The number of people who overlook this simple step to making their cover letter so much more effective is amazing. A cover letter is, to state the obvious, a letter. And all letters need to be addressed to a person, or it is simply junk mail.
A friend who is a store manager of a major retail outlet recently received a letter asking for an opportunity to hold a book signing. Evidently, this was actually the second letter the author had sent. In that envelope, the author also included a copy of the first letter. My friend asked if I interested. I was not, and he was not. He threw it away.
The first letter was addressed to, “To whom it May Concern.” The second letter was addressed to, “The Store General Manager.” Both letters went into great detail on who the author was and how she got to be where she was. In many ways, this was a badly written, cover letter applying for an opportunity to conduct a book signing (okay that might be a stretch).
How much more effective would this letter have been had she addressed it to my friend? Could it have been that difficult to find his name? What about a simple phone call?
In the past, I have had no problems calling a company and getting the name of the right person, once I explained what I wanted.
And it is all commonsense.
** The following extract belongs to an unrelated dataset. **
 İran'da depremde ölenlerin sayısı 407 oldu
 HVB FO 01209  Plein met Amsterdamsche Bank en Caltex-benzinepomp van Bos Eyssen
Anyone opening a letter and reading a generic salutation is immediately going into “junk mail” mindset. At best, the reader will briefly skim the letter and might take a quick look at the resume before either tossing it or giving it to someone else.
I suppose some think that the substance of the cover letter or resume is most important. And I would not disagree with that. Nevertheless, to get to that great substance; you must overcome some basic prejudice. And the most basic prejudice is our belief in our self-importance.
To be clear, you do not need to address it, “To His Royal Excellency…,” rather a simple, “Dear Mr. GivemeaJob” should suffice. Using the correct name at the very least demonstrates you have done a bit of research. Will it get you an interview, or a job? It will not do that, but it will at least keep you alive.
In the hyper-competitive job market of today, every little detail comes. And this is actually a pretty big detail. Your cover letter must be addressed to a live, breathing human being.